> **Assignment**
Every line below between the one holding "AminoBold Font –" and the one holding "Lobby or reception", inclusive, should be copied exactly, and no other line.

Crawled caption data:
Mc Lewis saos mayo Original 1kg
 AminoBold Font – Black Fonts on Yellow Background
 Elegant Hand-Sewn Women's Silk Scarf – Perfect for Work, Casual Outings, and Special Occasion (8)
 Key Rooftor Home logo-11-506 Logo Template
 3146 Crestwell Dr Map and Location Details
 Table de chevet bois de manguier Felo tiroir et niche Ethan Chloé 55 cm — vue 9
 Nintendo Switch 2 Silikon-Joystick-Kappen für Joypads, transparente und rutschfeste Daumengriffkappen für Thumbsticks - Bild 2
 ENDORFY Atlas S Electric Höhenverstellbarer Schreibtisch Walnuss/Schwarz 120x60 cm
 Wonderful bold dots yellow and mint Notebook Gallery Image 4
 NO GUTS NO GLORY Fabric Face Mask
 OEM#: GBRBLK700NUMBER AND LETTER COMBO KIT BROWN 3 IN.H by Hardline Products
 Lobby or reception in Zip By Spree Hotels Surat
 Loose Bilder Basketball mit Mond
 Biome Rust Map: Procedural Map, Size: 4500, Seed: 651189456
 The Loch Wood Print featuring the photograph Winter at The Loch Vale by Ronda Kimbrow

> **Expected answer**
 AminoBold Font – Black Fonts on Yellow Background
 Elegant Hand-Sewn Women's Silk Scarf – Perfect for Work, Casual Outings, and Special Occasion (8)
 Key Rooftor Home logo-11-506 Logo Template
 3146 Crestwell Dr Map and Location Details
 Table de chevet bois de manguier Felo tiroir et niche Ethan Chloé 55 cm — vue 9
 Nintendo Switch 2 Silikon-Joystick-Kappen für Joypads, transparente und rutschfeste Daumengriffkappen für Thumbsticks - Bild 2
 ENDORFY Atlas S Electric Höhenverstellbarer Schreibtisch Walnuss/Schwarz 120x60 cm
 Wonderful bold dots yellow and mint Notebook Gallery Image 4
 NO GUTS NO GLORY Fabric Face Mask
 OEM#: GBRBLK700NUMBER AND LETTER COMBO KIT BROWN 3 IN.H by Hardline Products
 Lobby or reception in Zip By Spree Hotels Surat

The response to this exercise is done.